The code is up on Github.

Normal distributions

Let's take a simple toy example, two populations A and B, both described by a normal distribution, both have standard deviations of $ \sigma = 1 $. Population A has mean $ \mu = 0 $ and B has mean $ \mu = 0.2 $, so $ A \sim \mathcal{N}(0, 1), B \sim \mathcal{N}(0.2, 1) $. This is easy to draw:

import numpy as np
import scipy.stats as stats
import matplotlib.pyplot as plt

mean_A = 0.0
mean_B = 0.2
stdev = 1
x = np.linspace(mean_A - 5, mean_A + 5, 100)
plt.plot(x, stats.norm.pdf(x, mean_A, stdev))
plt.plot(x, stats.norm.pdf(x, mean_B, stdev))
plt.show()

If we draw an element of A and B each at random, what's the probability that B will be "higher"?

B_taller_A = stats.norm.cdf(0, loc=mean_A-mean_B, scale=stdev)
print('%.1f' % B_taller_A)

It's 60%.

Okay, now assume that this is in fact a very large population, and we take the "top peformers". Let's take the ones above a high sigma of $ z_{cut} = 5.2 $. What will be the ratio of As to Bs at the edge of the distribution?

z_cut = 5.2
area_A = stats.norm.sf(z_cut, loc=mean_A, scale=stdev)
area_B = stats.norm.sf(z_cut, loc=mean_B, scale=stdev)
print('1 in %d' % (1/area_A))
print('1 in %d' % (1/area_B))
print('%.1f to 1' % (area_A/area_B))

This tells us that in the A population, 1 in 10,035,700 is above z_cut, in the B population it's 1 in 3,488,555, and in the end we expect the ratio of B to A to be 2.9 to 1, so roughly 3 to 1. So although Bs only have a slight edge over As in the mean, and in the overall population, at the edges we expect to see 3 times as many Bs as As! The effect becomes stronger at higher z's.

We can repeat this with real height data for males and females from Our world in data:

As an aggregate of the regions with available data – Europe, North America, Australia, and East Asia – they found the mean male height to be 178.4 centimeters (cm) in the most recent cohort (born between 1980 and 1994). The standard deviation was 7.59 cm... Women were smaller on average, with a mean height of 164.7 cm, and standard deviation of 7.07 cm.

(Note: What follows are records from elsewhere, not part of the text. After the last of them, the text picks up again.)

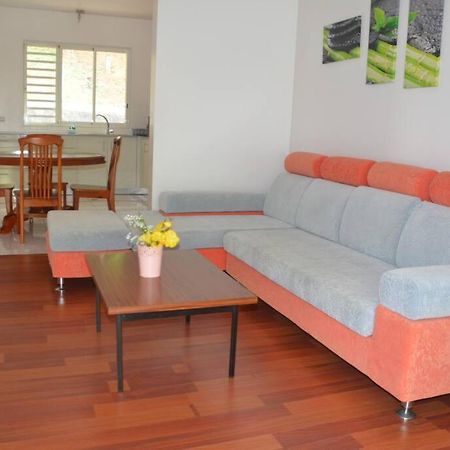 Papeete Appartement F2 المظهر الخارجي الصورة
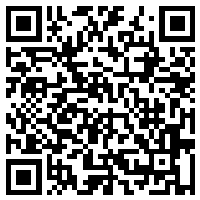 QR Code for bitcoin:bitcoin:bitcoin:bitcoin:bitcoin:1PUWJrTLCEJ6rLgCSbh7idUEgeUhNkYv6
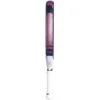 Babolat Stima Spirit - Image 3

Here we just have to do a bit more work because the standard deviations are not equal, but it's the same story. Assuming there is an equal number of males and females (a good assumption), what's the expected ratio of males to females above 185cm?

mean_A = 164.7
mean_B = 178.4
stdev_A = 7.1
stdev_B = 7.6
z_cut = 185
area_A = stats.norm.sf(z_cut, loc=mean_A, scale=stdev_A)
area_B = stats.norm.sf(z_cut, loc=mean_B, scale=stdev_B)
print('1 in %d' % (1/area_A))
print('1 in %d' % (1/area_B))
print('%.1f to 1' % (area_B/area_A))

We expect 1 in 470 females to be above 185cm, 1 in 5 males, and ratio of males to females above 185 cm is 90.7 to 1!

Exponential distributions

It's worth noting that this doesn't happen with all distributions. For example, with exponential distributions:

mean_A = 1.0
mean_B = 1.2
stdev = 0.5
z_cut = 9
area_A = stats.expon.sf(z_cut, loc=mean_A, scale=stdev)
area_B = stats.expon.sf(z_cut, loc=mean_B, scale=stdev)
print('1 in %d' % (1/area_A))
print('1 in %d' % (1/area_B))
print('%.1f to 1' % (area_B/area_A))

The unevenness at high z is only 1.5 to 1.

Causality

It's important to be careful with causality. What this shows is the mathematical fact that a shift in the mean of normal distributions leads to uneven ratios of populations at high z's. But in real life, we can't just turn it around: if we see an uneven distribution at high z's, we can't be sure if this is the reason, or some other effect. For example, currently 100% of Formula 1 drivers are male, but more than likely there are other strong determining factors, eg. parents of girls may be less likely to buy car toys, less likely to take girls gokarting at a young age, etc.